Anlass für die Ankündigungen Seehofers sind Ermittlungen gegen die frühere Leiterin der Bremer BAMF-Außenstelle sowie gegen fünf weitere Beschuldigte. Die Leiterin soll 1200 Menschen ohne ausreichende rechtliche Grundlage Asyl bewilligt haben. Aus internen E-Mails soll laut Medienberichten hervorgehen, dass das BAMF schon frühzeitig Hinweise erhalten hatte, aber an der Aufklärung nur mäßig interessiert war. Sollte sich dies bestätigen, wird BAMF-Chefin Jutta Cordt verstärkt unter Druck geraten.
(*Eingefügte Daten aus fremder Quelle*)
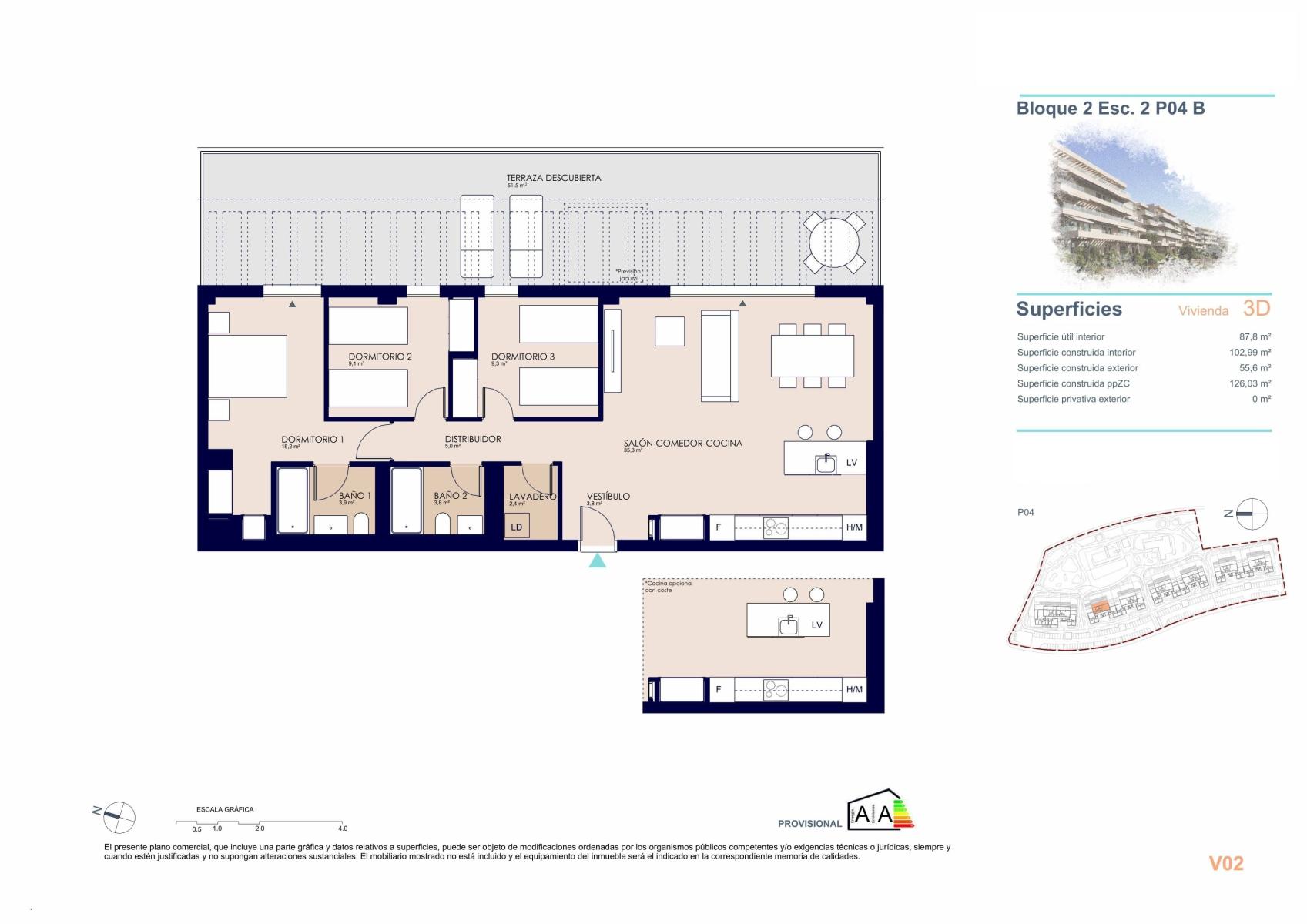 Apartment for Sale in Dénia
Zudem wird Seehofer erklären müssen, seit wann er etwas von den Vorgängen wusste. Vonseiten seines Ministeriums hieß es, dass der Bayer erst am 19. April von den Fällen erfahren habe. Das bezweifeln manche Oppositionspolitiker. Am Dienstag hieß es von Mitgliedern des Bundestags-Innenausschusses, dass sich das Gremium kommende Woche in einer von den Grünen beantragten Sondersitzung erneut mit der Affäre beschäftigen wird. Seehofer habe sein Kommen zugesagt.
Ob auch ein Untersuchungsausschuss eingesetzt wird, ist in der Opposition weiterhin strittig. Dieses Gremium würde nach langwierigen Befragungen erst in zwei Jahren konkrete Ergebnisse vorlegen. Eindeutig positiv hatten sich bisher nur AfD und FDP zu einem möglichen Ausschuss geäußert. Es liegt nahe, dass sie diesen als Bühne nutzen wollen, um weitere Verschärfungen in der Flüchtlingspolitik zu fordern.
Pro-Asyl-Geschäftsführer Günter Burkhardt kritisierte hingegen, dass in der derzeitigen Diskussion »kaum jemand von den zahllosen ablehnenden Fehlentscheidungen des BAMF, gerade bei afghanischen Flüchtlingen, redet«. In 61 Pozent der Fälle werden entsprechende Ablehnungen von Gerichten korrigiert.
Am Dienstagabend sollte ein weiterer Abschiebeflug nach Afghanistan starten. Pro Asyl forderte, bis auf Weiteres auf solche Rückführungen unter Zwang zu verzichten. Die Sicherheitssituation, besonders in der Hauptstadt Kabul, habe sich nochmals dramatisch verschlechtert, sagte Burkhardt. Viele Ablehnungen basierten »auf veralteten Herkunftsländerinformationen, mit der Fiktion, es gäbe sichere Gebiete« in Afghanistan.